Tuesday, 17 August 2010

Two books to read this summer

Will to live

When the past becomes the present

Inheritance. By Nicholas Shakespeare. Harvill Secker; 272 pages; £12.99. Buy from Amazon.co.uk

NICHOLAS SHAKESPEARE’S new novel, “Inheritance”, begins with a wandering in the wilderness; a four-page piece of bravura writing in which a driven man crosses mountain and desert to peg out an Australian mineral claim that will yield 1,000m tonnes of high-grade iron ore. He calls it Mt Ararat, which should not be forgotten.

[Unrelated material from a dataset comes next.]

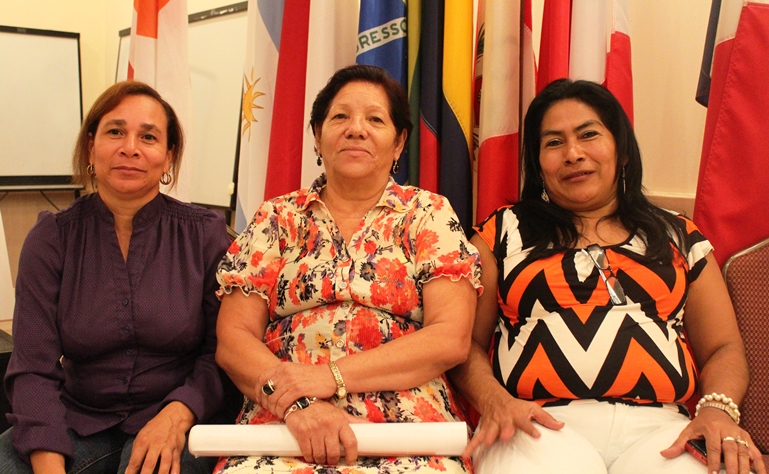 Idalmy, Manuela e Maria, representantes sindicais.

“Inheritance” is full of such clues. The miner, son of Australian-Armenians, is a smart if naive boy with an iron will and a heart that is easily broken. By the time he dies he has morphed into a discreet and elegant Englishman by the name of Christopher Madigan. Rich beyond his immigrant parents’ wildest imaginings, Madigan leaves half his fortune to his housekeeper and the other half, randomly at his own request, to the first person who appears at his funeral. Madigan’s estranged daughter, Jeanine, arrives late, to her cost.

This narrative sleight of hand allows for the entry into the story of Andy Larkham, the accidental heir. Like the heroes in Mr Shakespeare’s other novels, Larkham is unsure of himself, stuck in a dead-end job and with a fiancée who is about to ditch him, but at heart he is an intelligent and romantic chap. Madigan’s back story is also the story of Larkham’s maturing as he grapples with the eternal question of who he wants to be while getting used to having £17m in the bank.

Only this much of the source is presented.